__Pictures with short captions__
-*-

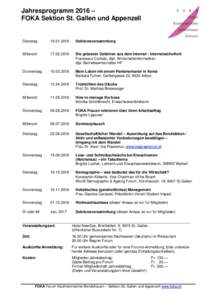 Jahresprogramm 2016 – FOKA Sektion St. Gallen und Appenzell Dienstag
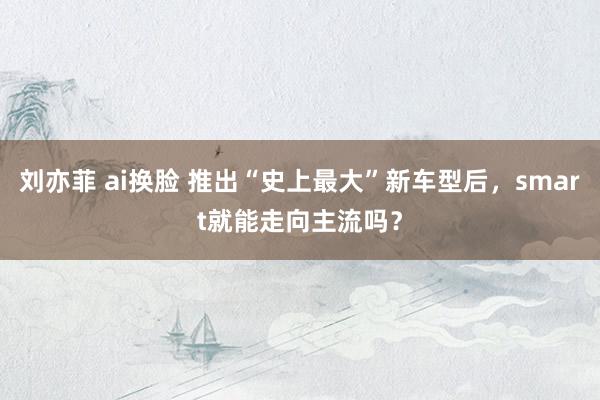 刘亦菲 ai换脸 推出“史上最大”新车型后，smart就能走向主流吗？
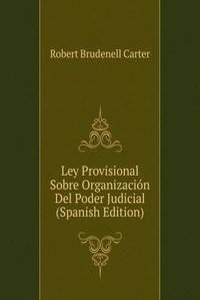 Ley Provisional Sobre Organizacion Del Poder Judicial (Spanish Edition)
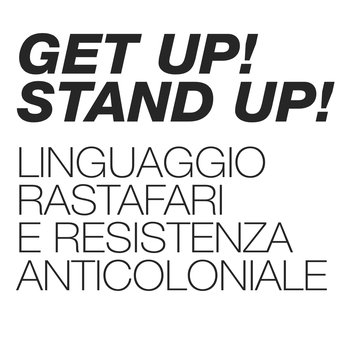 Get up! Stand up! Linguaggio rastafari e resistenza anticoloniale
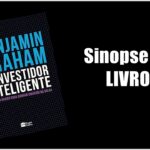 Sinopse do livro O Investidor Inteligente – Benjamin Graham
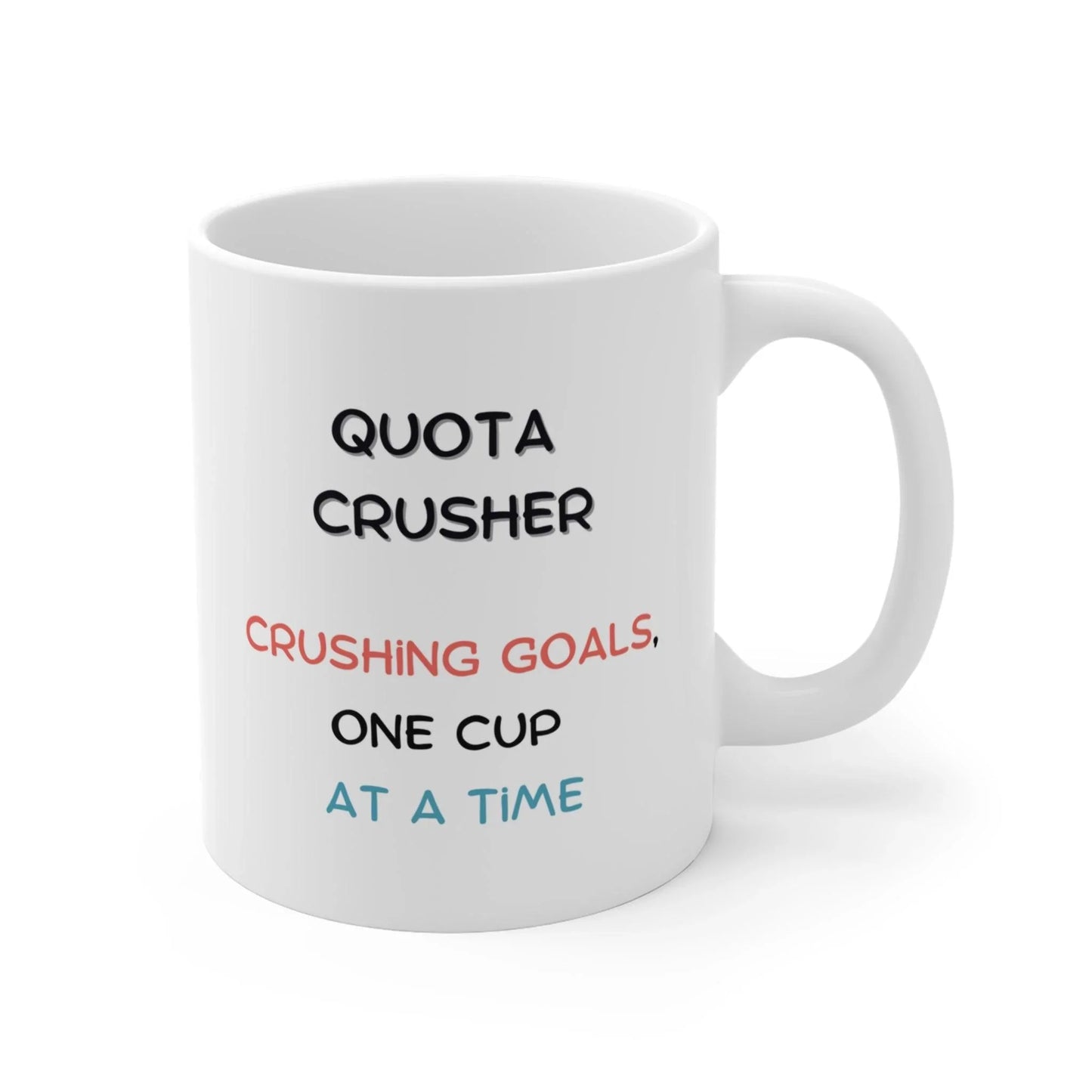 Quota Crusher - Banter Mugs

-*-

__WORK TASK__
Return the opening line of the data above and every line after it up to and including the line that holds "Get up! Stand"; pictures stay out.

__SOLUTION FOR THIS PROBLEM__
 Jahresprogramm 2016 – FOKA Sektion St. Gallen und Appenzell Dienstag
 刘亦菲 ai换脸 推出“史上最大”新车型后，smart就能走向主流吗？
 Ley Provisional Sobre Organizacion Del Poder Judicial (Spanish Edition)
 Get up! Stand up! Linguaggio rastafari e resistenza anticoloniale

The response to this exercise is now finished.